Inclusive Leadership Isn't a Programme. It's How Culture Gets Built.
- Esther Kwaku

- Oct 2, 2025
- 2 min read
Culture doesn't come from your values poster or your DEI statement. It comes from the thousand micro-decisions leaders make every single day.
Who gets to speak first in meetings? Whose ideas get built on versus shut down? Who's in the room when decisions are made? Whose lived experience is treated as valuable data versus "just your perspective"?

Inclusive leadership shapes culture because leadership behaviour is culture.
When a leader actively seeks out the quietest voice in the room, they're signalling: all contributions matter here. When they admit they don't have all the answers, they're creating permission for vulnerability.
When leaders slow down a decision to ask..."Who's missing from this conversation?", they're modelling that pace matters less than getting it right.
When they don't...when they let the loudest voices dominate, when they make assumptions about who's "leadership material", when they default to "we've always done it this way" - they're also shaping culture. Just not the one they think they want.
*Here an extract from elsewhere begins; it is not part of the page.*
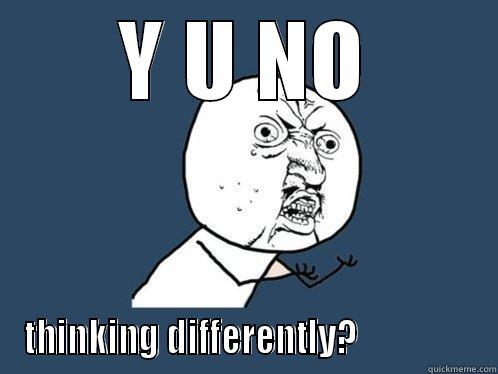 Y U NO THINKING DIFFERENTLY?                Y U No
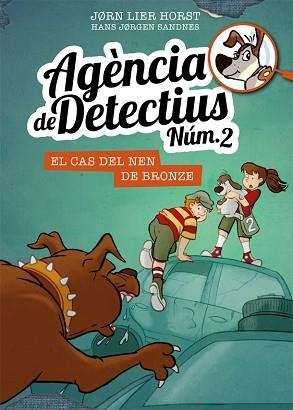 AGÈNCIA DE DETECTIUS NÚM. 2 - 7. EL CAS DEL NEN DE BRONZE | 9788424663117 | HORST, JORN LIER | Llibreria L'Illa - Llibreria Online de Mollet - Comprar llibres online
Here's what's wild: most leaders genuinely believe they're inclusive. But inclusion isn't about intention. It's about impact. It's about what people experience in their interactions with you.
In the charity sector, we talk a lot about equity and justice for the communities we serve. But if we're not practising it internally - if our teams don't feel genuinely seen, heard, and valued - we're kidding ourselves about the change we can create externally.
Inclusive leadership requires three things:
Curiosity over certainty. Being willing to ask "what am I missing?" and actually mean it. Seeking out perspectives that aren't like yours. Getting comfortable with being uncomfortable.
Courageous humility. Acknowledging your blind spots. Owning when you get it wrong. Understanding that your lived experience - however rich - isn't universal.
Intentional redistribution of power. Looking at who has voice, visibility, and influence in your organisation. Then actively shifting it. Not because it's "fair" (though it is), but because diverse perspectives make better decisions.
The organisations with the strongest cultures aren't the ones with the best perks or the coolest offices. They're the ones where people feel they can bring their whole selves, where difference is leveraged not just tolerated, where psychological safety and high challenge coexist.
That doesn't happen by accident. It happens because leaders make it happen - one interaction, one decision, one meeting at a time.